Desde el título, La balada de pájaros cantores y serpientes, nos asoma su poca capacidad de síntesis.

Así y todo, la nueva generación de Hunger Games brinda un espectáculo emocionante y sugerente, por la influencia de su joven reparto, secundado por un trío de veteranos de la meca, como Viola Davis, Peter Dinklage y Jason Schartzman (en su año de retorno al plano estelar).

Del personaje de Viola se nos graba su performance dislocado y su look de una villana grotesca, al límite de la caricatura camp.

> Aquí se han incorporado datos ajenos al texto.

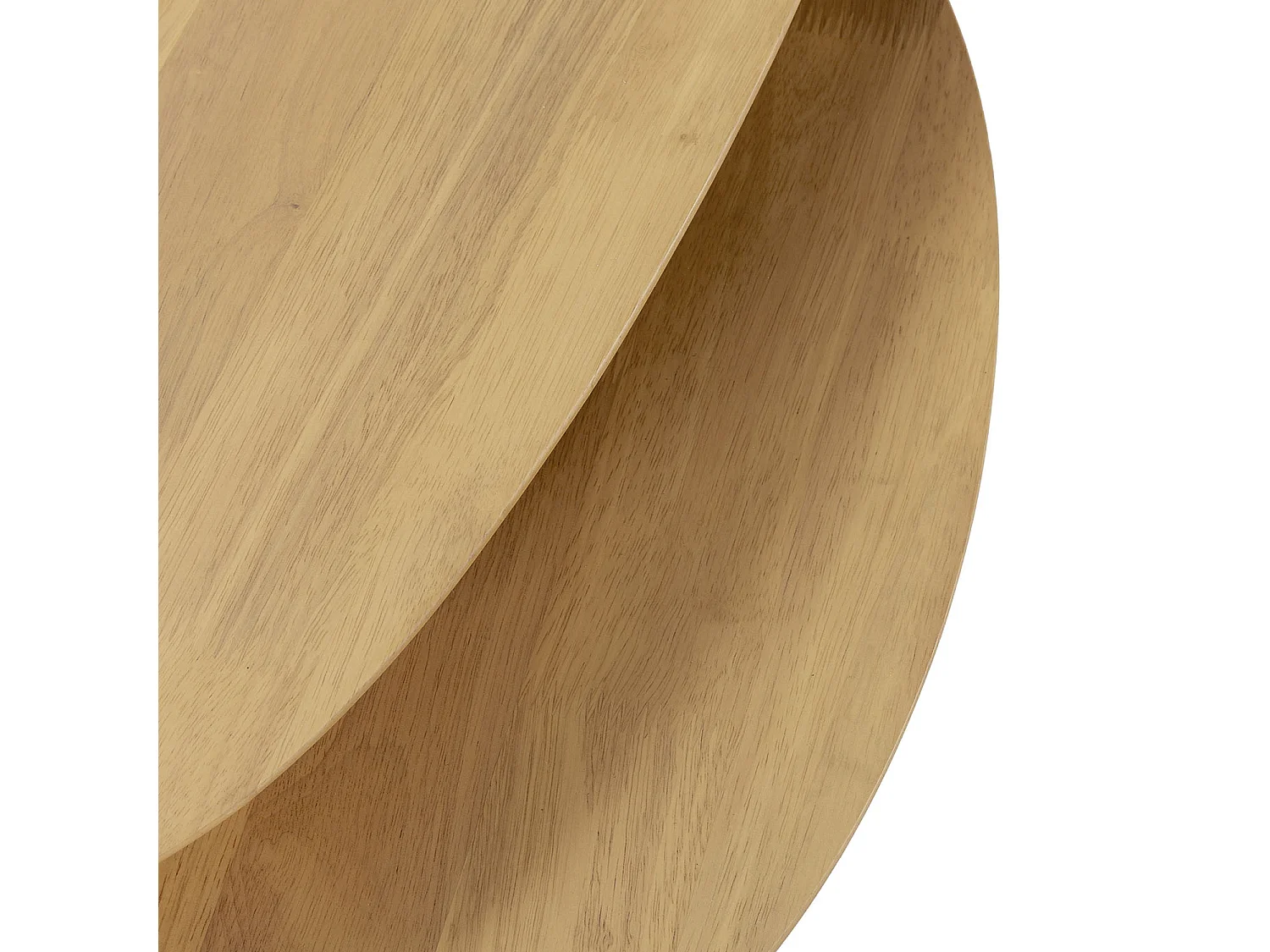 Set de 2 tables basses Eclipse couleur chêne, bois massif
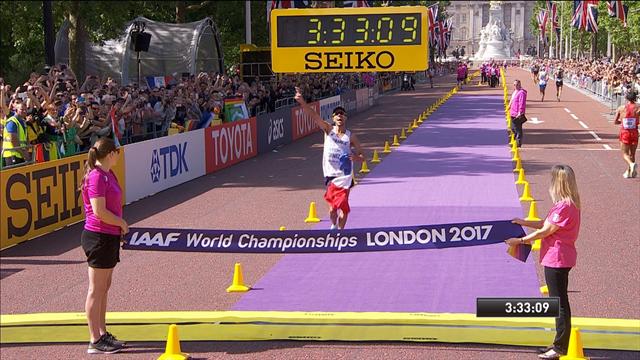 Mundiales Londres 2017: Yohann Diniz vence en los 50 km marcha y hace historia Mundiales Londres 2017: Yohann Diniz vence en los 50 km marcha y hace historia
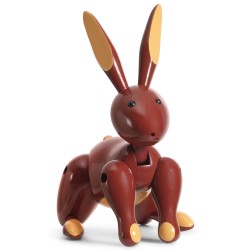 OUT OF STOCK - rabbit - red - Kay Bojesen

Por igual, hay plena conciencia del humor en la dotación de una comedia negra, patrocinada por las artes oscuras de Schartzman, en una sátira distópica de los conductores de programas americanos de competencia salvaje, del tipo American Gladiators.

Se referencia el pasado de una primera televisión orwelliana, cuya rutina de coliseo pudo funcionar como distractivo de los problemas, como pan y circo, como demagogia hiperviolenta, para sostener la pantalla de un Estado policial y en crisis permanente.

El simulacro pronto deriva en una pesadilla más contemporánea, con alusiones al presente de los últimos populistas del radicalismo soviet y del origen perverso de un líder extremo de autocracia neocon.

El diseño arquitectónico de la cárcel de tributos alude a la estética estalinista de una ciudad del no futuro, como una Moscú de insignias, edificios grises funcionalistas y fascistas, grandes avenidas en las que hombre es diminuto frente al poder totalitario del sistema.

No le queda otra opción al personaje principal que ser un conformista dentro de las reglas corruptas y viciosas que le imponen en su formación paramilitar.

Pero se avizora en él un origen perverso de ángel caído, que los sitúa en el plano del Anakin de los episodios y del Putin deshumanizado que es emperador de Rusia, sometiendo a su pueblo a guerras de cohesión y desgaste contra los disidentes de los distritos rebeldes (Ucrania).

La paradoja siempre radica en criticar al pornoshow de la purga de víctimas inocentes y de pobres soldados precarizados, al tiempo que la precuela se ahorra cualquier sutileza en puesta en escena, prefiriendo magnificar el gore en lugar de buscar el fuera de campo.

El director Francis Lawrence sabe muy bien de qué van los juegos del hambre y el terror, porque los cultivó en la fase de Katniss y al servicio de propuestas inquietantes del género, de la talla de Constantine y Soy leyenda.

Pero el realizador no logra depurar sus defectos, sino tan solo los adapta a las condiciones del Hollywood actual.

En tal sentido, la hipertrofia narrativa vuelve a saturar su trabajo de una receta desigual, potente al comienzo y a la mitad, más televisiva, retórica y folletinesca hacia el final.

Al menos introdujo la saga para los próximos años, con cierta eficacia creativa.

Pero el saldo nos habla de un desequilibrio en la cuenta.